All in all (and I use the expression suggestively), this book contains one of the best arguments ever for practicing contemporary civic (not civil) disobedience to the traditions of shutting out one’s neighbor and all the “noise” of a supercivilized society, and “breaching” to notice what’s going on around one. You just never know what or whom you might see. And one doesn’t have to be allegorical about The City and the City to feel that there is in fact an argument intended: a dystopia is a dystopia, and this one is frighteningly real and put in terms of our contemporary life, not all that far from what we can really understand as our own embattled and perhaps embittered conditions.

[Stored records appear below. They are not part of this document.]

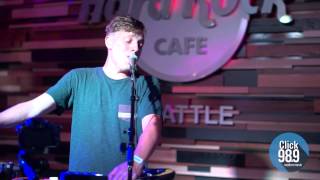 Robert DeLong &quot;Long Way Down&quot; Live at Click 98.9&#39;s Acoustic Lounge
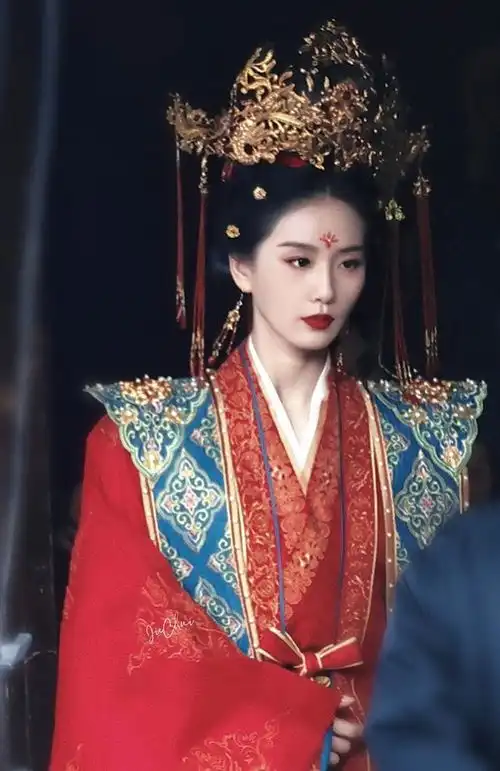 盘点古装剧中一眼万年的造型,85花杨幂赵丽颖上榜,最惊艳的居然是她
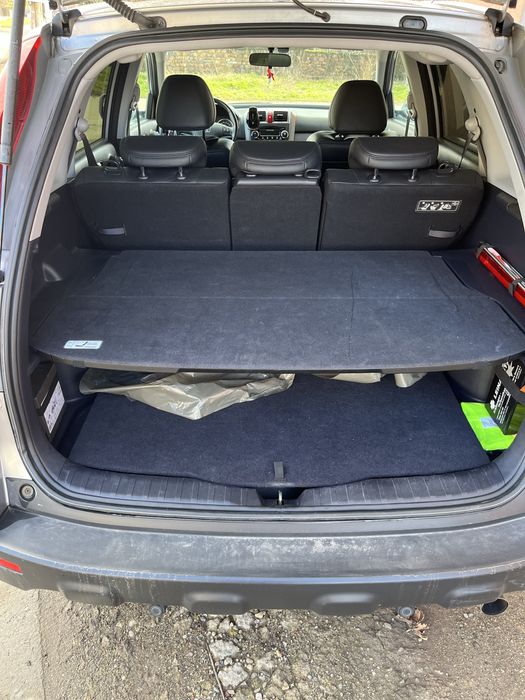 Продавам кора за багажник на Хонда црв3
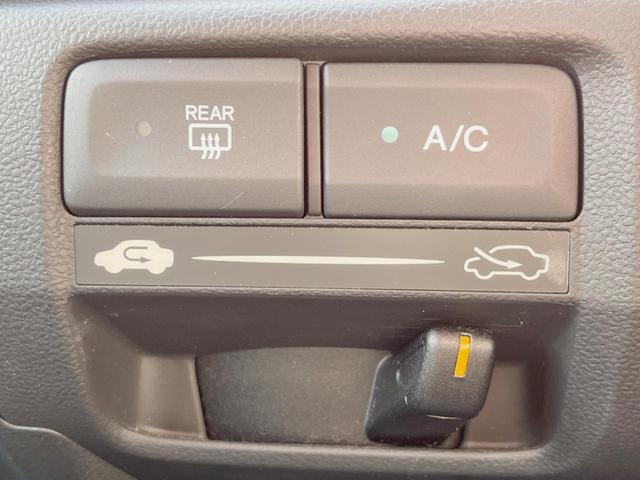 フィット Ｇ・１０ｔｈアニバーサリー　ＣＤ再生オーディオ　ＥＴＣ　スマートキー　アイドリングストップ機能　電動格納ドアミラー　エアコン　パワーウィンドウ　１４インチアルミホイール　プライバシーガラス　運転席シートリフター（37枚目）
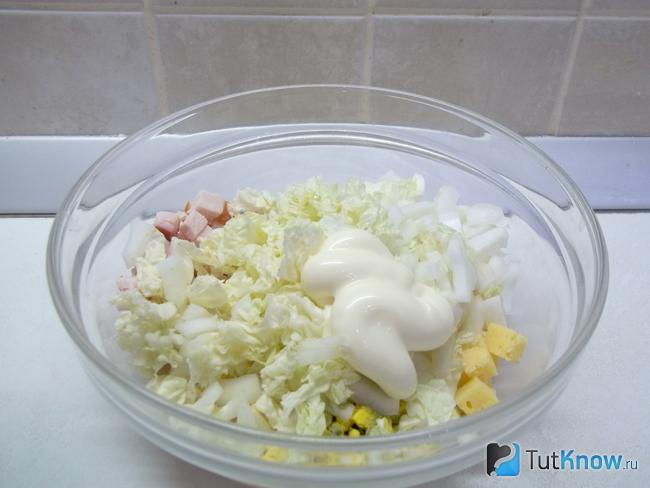 Продукты заправлены майонезом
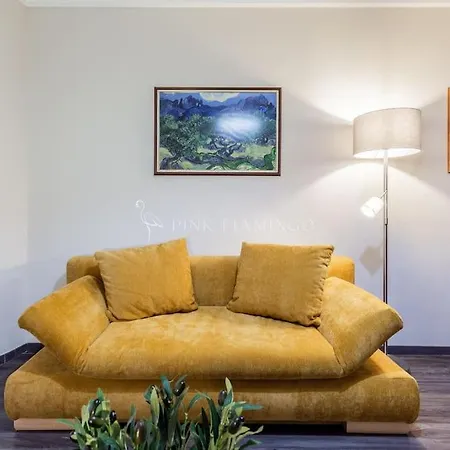 Apartament Pink Flamingo : Leo Lane Getaway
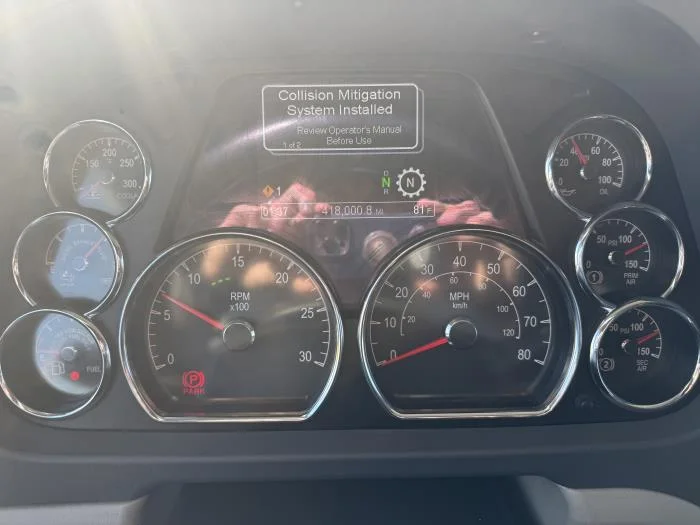 2021 Peterbilt 579 - image 5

It’s not necessary to be disingenuous, to say, “Here we are, or here we will be,” or even “here we were”; it’s only necessary to take in the total city-scape picture of The City and the City to feel that our awareness of ourselves and others is being called into question, and that there are ways to do this as China Miéville would have it, which don’t rely on the traditional allegory form. Just as a metaphor carries meaning across from one realm of discourse to another, so our ability to relate ourselves to the characters in the novel, particularly to the narrator, carries his meanings to us though he be only a character and we real flesh and blood. And this, I think, is just as the author, all quibbles about terminology aside, would have it.